> **REQUIRED ACTION**
Set down exactly the lines below between the line holding "Green dupion saree" and the line holding "Battery Set zinc-carbon", inclusive; no other line belongs in the answer.

> **MATERIAL FOR THE TASK**
= Beginning of Section =
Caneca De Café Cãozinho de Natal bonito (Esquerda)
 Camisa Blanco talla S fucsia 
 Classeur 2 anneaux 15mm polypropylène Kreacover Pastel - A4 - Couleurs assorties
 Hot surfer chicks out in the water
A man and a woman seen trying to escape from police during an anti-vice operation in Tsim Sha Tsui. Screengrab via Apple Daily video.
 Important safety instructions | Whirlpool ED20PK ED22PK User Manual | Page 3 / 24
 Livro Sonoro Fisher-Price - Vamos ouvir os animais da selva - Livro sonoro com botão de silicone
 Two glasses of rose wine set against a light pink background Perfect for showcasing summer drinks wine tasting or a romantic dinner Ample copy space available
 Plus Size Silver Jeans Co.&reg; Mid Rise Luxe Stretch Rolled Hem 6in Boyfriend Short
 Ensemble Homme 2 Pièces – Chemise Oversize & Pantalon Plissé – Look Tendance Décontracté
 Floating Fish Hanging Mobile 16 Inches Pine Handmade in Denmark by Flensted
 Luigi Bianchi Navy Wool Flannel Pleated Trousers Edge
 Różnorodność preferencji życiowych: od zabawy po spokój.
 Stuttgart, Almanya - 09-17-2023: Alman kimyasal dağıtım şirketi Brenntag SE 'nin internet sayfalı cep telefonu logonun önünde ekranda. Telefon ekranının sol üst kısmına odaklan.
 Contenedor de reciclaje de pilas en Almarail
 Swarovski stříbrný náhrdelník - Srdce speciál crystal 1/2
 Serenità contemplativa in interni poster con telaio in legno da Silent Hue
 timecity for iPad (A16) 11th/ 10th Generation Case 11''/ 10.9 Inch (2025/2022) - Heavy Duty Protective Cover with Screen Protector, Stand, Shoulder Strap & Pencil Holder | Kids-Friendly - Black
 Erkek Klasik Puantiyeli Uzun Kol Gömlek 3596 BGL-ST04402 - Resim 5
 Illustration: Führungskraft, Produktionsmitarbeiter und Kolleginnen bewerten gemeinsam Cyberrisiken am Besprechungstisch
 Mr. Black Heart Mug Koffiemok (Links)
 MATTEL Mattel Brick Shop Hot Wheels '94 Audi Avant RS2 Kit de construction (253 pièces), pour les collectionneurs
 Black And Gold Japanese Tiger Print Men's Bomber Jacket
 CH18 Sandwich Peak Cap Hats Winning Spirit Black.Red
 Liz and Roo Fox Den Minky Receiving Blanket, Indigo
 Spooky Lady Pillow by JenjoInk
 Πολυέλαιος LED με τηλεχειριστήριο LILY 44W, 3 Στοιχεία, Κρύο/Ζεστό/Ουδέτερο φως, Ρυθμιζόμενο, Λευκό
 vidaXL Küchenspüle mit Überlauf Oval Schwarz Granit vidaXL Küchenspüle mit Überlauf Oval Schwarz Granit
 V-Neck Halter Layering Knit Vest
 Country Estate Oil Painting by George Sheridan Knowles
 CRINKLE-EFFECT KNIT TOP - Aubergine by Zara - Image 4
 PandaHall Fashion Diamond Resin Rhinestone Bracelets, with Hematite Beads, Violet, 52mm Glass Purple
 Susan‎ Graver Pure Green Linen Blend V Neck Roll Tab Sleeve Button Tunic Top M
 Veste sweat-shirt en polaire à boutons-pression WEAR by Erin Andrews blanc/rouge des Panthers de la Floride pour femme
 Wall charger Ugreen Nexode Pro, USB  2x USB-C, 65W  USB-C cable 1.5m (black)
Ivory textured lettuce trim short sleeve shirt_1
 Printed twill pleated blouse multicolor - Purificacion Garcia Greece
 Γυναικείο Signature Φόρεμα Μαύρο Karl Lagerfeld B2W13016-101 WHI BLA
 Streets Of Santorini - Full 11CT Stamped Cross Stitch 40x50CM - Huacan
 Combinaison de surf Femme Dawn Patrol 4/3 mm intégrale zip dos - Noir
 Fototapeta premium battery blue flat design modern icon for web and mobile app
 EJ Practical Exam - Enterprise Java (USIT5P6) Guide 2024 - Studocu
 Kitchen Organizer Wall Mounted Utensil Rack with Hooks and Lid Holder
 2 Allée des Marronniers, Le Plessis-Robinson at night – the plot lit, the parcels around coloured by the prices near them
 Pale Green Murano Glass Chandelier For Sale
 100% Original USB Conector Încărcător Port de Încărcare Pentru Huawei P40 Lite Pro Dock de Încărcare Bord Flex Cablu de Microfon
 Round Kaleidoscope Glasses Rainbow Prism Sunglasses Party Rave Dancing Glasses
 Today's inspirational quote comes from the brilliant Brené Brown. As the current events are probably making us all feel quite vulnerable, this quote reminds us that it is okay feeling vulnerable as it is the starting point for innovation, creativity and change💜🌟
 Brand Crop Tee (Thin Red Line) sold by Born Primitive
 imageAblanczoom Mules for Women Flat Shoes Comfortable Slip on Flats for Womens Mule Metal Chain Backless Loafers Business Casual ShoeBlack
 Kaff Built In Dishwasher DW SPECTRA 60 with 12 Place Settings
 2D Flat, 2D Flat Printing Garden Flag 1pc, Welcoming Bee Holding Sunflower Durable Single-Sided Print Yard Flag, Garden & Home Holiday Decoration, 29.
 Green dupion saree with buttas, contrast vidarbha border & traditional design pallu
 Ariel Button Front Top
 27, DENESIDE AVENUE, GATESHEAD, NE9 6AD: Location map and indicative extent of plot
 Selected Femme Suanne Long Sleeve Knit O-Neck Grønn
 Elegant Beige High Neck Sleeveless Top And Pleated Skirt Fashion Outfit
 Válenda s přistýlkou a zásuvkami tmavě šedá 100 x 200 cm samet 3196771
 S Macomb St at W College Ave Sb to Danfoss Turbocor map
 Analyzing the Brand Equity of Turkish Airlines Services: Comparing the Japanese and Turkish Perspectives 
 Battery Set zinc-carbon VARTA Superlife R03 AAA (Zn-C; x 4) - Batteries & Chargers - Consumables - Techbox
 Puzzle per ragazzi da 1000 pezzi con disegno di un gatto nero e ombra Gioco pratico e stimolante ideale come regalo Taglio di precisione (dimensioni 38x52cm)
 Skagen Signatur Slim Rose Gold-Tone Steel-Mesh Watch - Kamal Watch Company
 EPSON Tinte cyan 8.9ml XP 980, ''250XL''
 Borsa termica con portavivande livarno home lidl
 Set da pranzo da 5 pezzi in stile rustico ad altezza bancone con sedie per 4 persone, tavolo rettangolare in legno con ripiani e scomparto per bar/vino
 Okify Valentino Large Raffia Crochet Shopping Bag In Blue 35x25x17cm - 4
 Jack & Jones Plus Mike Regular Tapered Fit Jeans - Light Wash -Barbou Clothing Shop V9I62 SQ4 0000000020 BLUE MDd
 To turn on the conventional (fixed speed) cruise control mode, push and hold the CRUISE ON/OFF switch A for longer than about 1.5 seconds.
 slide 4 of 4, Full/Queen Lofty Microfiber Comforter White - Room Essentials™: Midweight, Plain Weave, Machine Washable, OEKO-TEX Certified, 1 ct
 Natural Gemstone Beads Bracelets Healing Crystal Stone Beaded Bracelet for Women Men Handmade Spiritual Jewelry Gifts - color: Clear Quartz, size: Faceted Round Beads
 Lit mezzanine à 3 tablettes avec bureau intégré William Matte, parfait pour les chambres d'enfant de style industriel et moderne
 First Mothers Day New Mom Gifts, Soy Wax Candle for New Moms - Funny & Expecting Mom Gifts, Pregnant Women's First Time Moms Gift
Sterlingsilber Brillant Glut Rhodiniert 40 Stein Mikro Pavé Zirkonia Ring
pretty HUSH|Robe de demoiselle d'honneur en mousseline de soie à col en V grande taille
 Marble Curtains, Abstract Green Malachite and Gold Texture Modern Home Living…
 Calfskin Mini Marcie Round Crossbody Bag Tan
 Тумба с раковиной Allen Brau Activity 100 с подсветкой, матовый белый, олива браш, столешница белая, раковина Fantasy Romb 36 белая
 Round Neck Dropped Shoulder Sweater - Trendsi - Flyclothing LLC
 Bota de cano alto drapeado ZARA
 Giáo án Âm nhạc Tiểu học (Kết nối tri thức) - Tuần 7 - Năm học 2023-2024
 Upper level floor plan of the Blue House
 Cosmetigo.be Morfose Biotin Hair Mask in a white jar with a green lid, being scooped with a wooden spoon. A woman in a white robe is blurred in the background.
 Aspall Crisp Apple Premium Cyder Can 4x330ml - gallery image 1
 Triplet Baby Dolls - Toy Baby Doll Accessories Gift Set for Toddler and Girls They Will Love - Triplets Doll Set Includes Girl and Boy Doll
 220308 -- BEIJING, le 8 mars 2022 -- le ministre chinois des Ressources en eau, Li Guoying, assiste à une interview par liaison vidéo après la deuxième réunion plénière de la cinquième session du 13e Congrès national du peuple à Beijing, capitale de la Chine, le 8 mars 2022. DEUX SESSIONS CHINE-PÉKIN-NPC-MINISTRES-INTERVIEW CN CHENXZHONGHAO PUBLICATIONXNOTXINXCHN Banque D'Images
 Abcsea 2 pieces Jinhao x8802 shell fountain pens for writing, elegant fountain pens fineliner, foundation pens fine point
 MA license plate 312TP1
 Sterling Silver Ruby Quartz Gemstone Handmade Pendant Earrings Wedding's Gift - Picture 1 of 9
= End of Section =
> **ANSWER SPACE**
 Green dupion saree with buttas, contrast vidarbha border & traditional design pallu
 Ariel Button Front Top
 27, DENESIDE AVENUE, GATESHEAD, NE9 6AD: Location map and indicative extent of plot
 Selected Femme Suanne Long Sleeve Knit O-Neck Grønn
 Elegant Beige High Neck Sleeveless Top And Pleated Skirt Fashion Outfit
 Válenda s přistýlkou a zásuvkami tmavě šedá 100 x 200 cm samet 3196771
 S Macomb St at W College Ave Sb to Danfoss Turbocor map
 Analyzing the Brand Equity of Turkish Airlines Services: Comparing the Japanese and Turkish Perspectives 
 Battery Set zinc-carbon VARTA Superlife R03 AAA (Zn-C; x 4) - Batteries & Chargers - Consumables - Techbox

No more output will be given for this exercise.